Motorcycles may create more buzz, but buses remain the most widely-used mode of transport in India. Badami and Dr Murteza Haider, a former professor in Urban Planning at McGill, analyzed bus performance in four major cities (New Delhi, Mumbai, Kolcata, and Chennai) and four smaller cities (Ahmedabad, Kolhapur, Pune, Thane). Their study, published in December, found that "fares are increasing, and ridership is actually dropping while crowding like sardines is tighter than 10 years ago."

Data analysis and surveys revealed fuel efficiency fell 20 percent from 1991 to 2001 and weak service, route coverage, and reliability. Importantly, everyone surveyed remarked on the sexual harassment that female passengers endure daily.
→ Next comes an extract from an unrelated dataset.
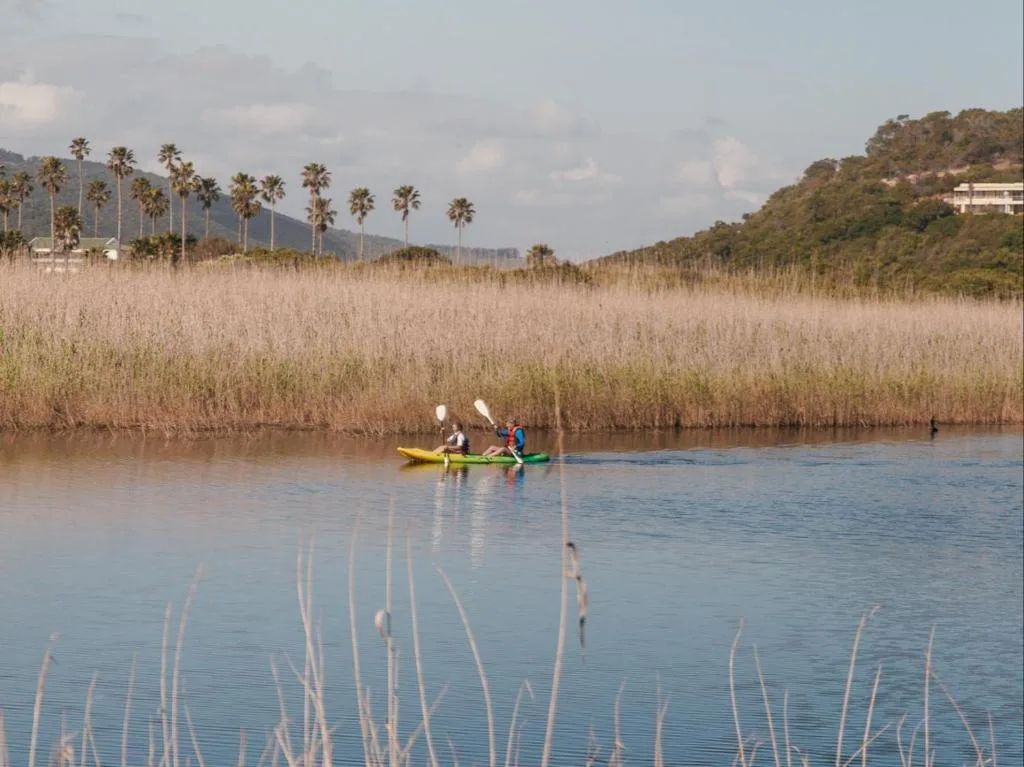 Lagoon vista with kayakers, reeds, palm trees, and hillside property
But hiking bus fares to recoup lost passengers and revenue may backfire.

"Bus fares already take 12 percent of average household income and considerably more from low-income families on the city outskirts," says Badami. This impacts their expenditure on health, shelter, and food disproportionaly.

Badami recently penned an op-ed supporting Bus Rapid Transit as a viable, equitable solution. If the financial and operational issues plaguing bus transit cannot be worked out, the poor will continue to lose out. Those who can afford to buy motorized two-wheeled vehicles will do so, and "it would be difficult to persuade them to switch back."

"The key is not just understanding why people make the choices they do, but why they didn't make the choices we think they should," says Badami.

"In the end, transport outcomes are the result of choices each of us makes on a daily basis."